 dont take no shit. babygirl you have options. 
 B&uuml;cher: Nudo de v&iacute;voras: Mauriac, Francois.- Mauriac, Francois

**********

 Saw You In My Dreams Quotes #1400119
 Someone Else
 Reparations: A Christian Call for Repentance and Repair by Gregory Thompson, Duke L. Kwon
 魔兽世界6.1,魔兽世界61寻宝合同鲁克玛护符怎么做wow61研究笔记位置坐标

**********

PROBLEM TO SOLVE:
When you reach the line with "dont take no" in the records above, start writing out lines exactly, and stop once the line with "B&uuml;cher: Nudo de" has been written; include nothing else.

REPLY TO THE TASK:
 dont take no shit. babygirl you have options. 
 B&uuml;cher: Nudo de v&iacute;voras: Mauriac, Francois.- Mauriac, Francois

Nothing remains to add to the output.